Keep leftover salad in the refrigerator in a large bowl covered tightly or in a container. Best eaten within two days.
Can I use apple cider vinegar instead of apple cider?
Yes, but reduce the amount to 3–4 tablespoons and add an extra teaspoon of maple syrup or honey for sweetness.
How do I reheat the salad if I want it warm?
Warm the roasted veggies and grains in the oven or microwave, then toss with fresh greens and dressing.
What proteins pair well with this salad?
Roasted chicken, turkey, or salmon all make great add-ons for a complete meal.

Warm Roasted Vegetable Fall Salad with Apple Cider Vinaigrette
Equipment
- Large baking sheet
- Sharp knife + cutting board
- Skillet
- Whisk or jar with lid (for dressing)
- Medium pot (for grains)
Ingredients
Apple Cider Vinaigrette
- ¾ cup apple cider or apple juice
- ⅓ cup olive oil
- 2 tsp Dijon mustard
- Good pinch of salt
- Good pinch of pepper
- ¼ tsp onion powder
- ¼ tsp garlic powder
- 1/16 tsp ground cinnamon
Warm Roasted Vegetable Fall Salad
- 1 sweet potato
- 3 beets
- 1 tbsp olive oil
- ¼ tsp salt
- Pinch of pepper
- 2 cups fresh baby spinach
- 1 cup farro or quinoa, rice, or barley — cooked
- 2 cups chicken stock or vegetable stock
- 1 sweet apple diced
- 1 cup pecans
- ¼ tsp ground cinnamon plus more for apples
Instructions
Apple Cider Vinaigrette
- Add all ingredients to a bowl or jar and whisk/shake until completely smooth and emulsified. Set aside.

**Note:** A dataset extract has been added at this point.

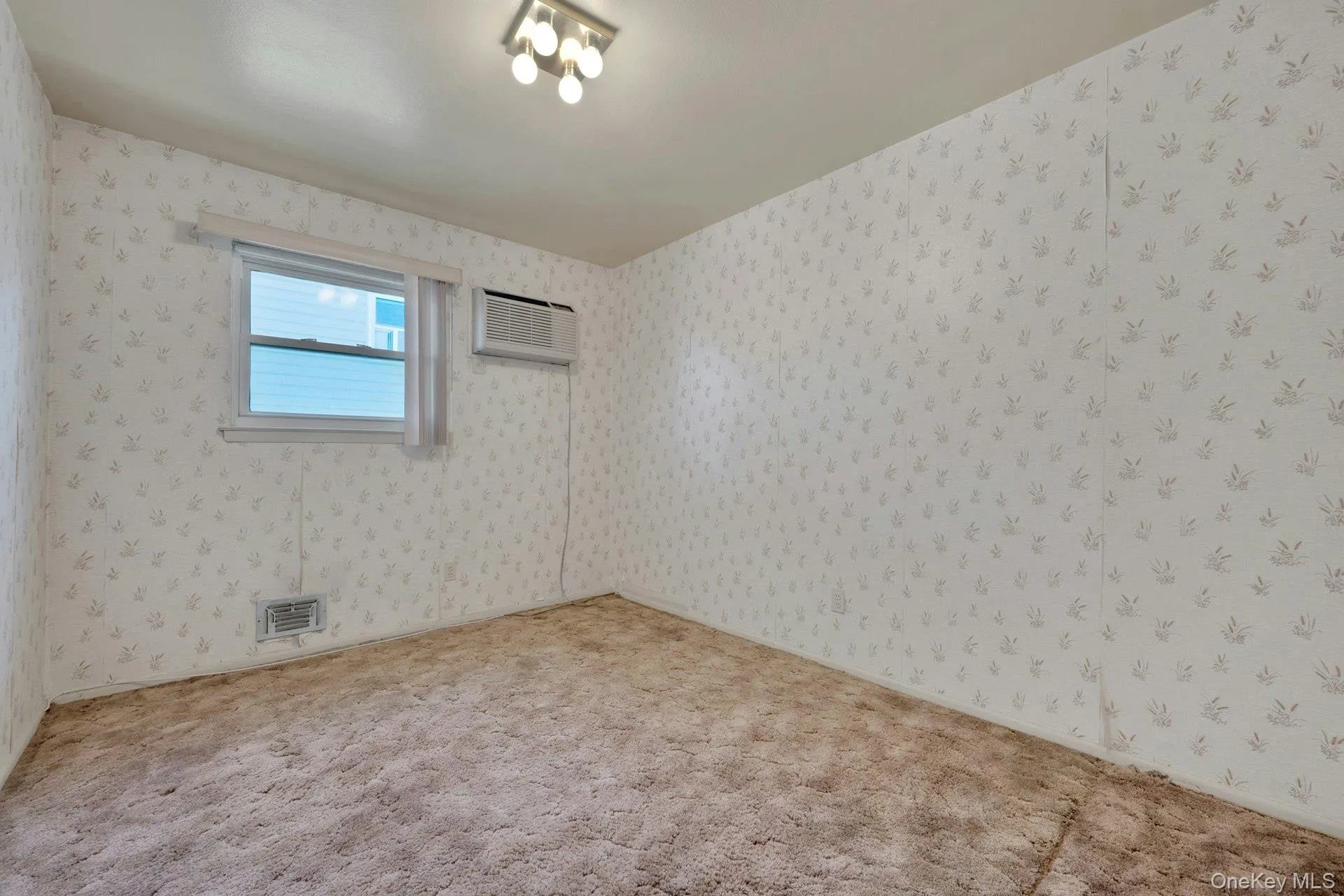 14 Gerri Lane, Yonkers, NY, 3 Bedrooms Bedrooms, 8 Rooms Rooms,1 BathroomBathrooms,Residential,For Rent,Gerri,0,1009330 14 Gerri Lane, Yonkers, NY, 3 Bedrooms Bedrooms, 8 Rooms Rooms,1 BathroomBathrooms,Residential,For Rent,Gerri,0,1009330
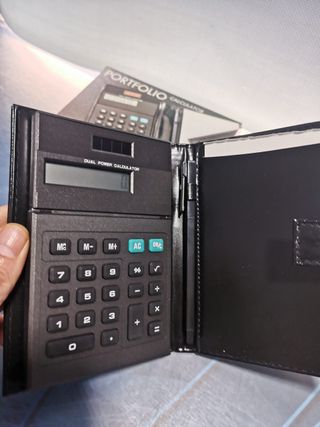 4 calculadoras, CASIO FC-100, SILVANO SL-570TL, calculadora solar, notebook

Warm Roasted Vegetable Fall Salad
- Preheat oven to 350°F. Scrub sweet potato and beets well (peel if preferred). Cut into ½-inch chunks. Toss with olive oil, salt, and pepper on a baking sheet. Roast 30 minutes or until fork-tender.

- While roasting, cook farro (or chosen grain) in 2 cups broth according to package directions. Set aside.
- Toast pecans in a skillet over medium-low heat for 5–8 minutes, tossing often to prevent burning. Add a pinch of cinnamon if desired.
- Dice the apple into ½-inch cubes and toss lightly with cinnamon.
- Assemble: In a serving bowl, combine roasted veggies, warm grain, apples, pecans, and fresh spinach. Toss with ⅓ of the vinaigrette, adding more as desired. Serve with extra dressing on the side.

Nutrition
Warm, hearty, and packed with fall’s best flavors, this roasted vegetable salad brings color and freshness to any table. The apple cider vinaigrette ties everything together and makes each bite sing. Add it to your Thanksgiving spread or meal prep rotation. You’ll be glad you did!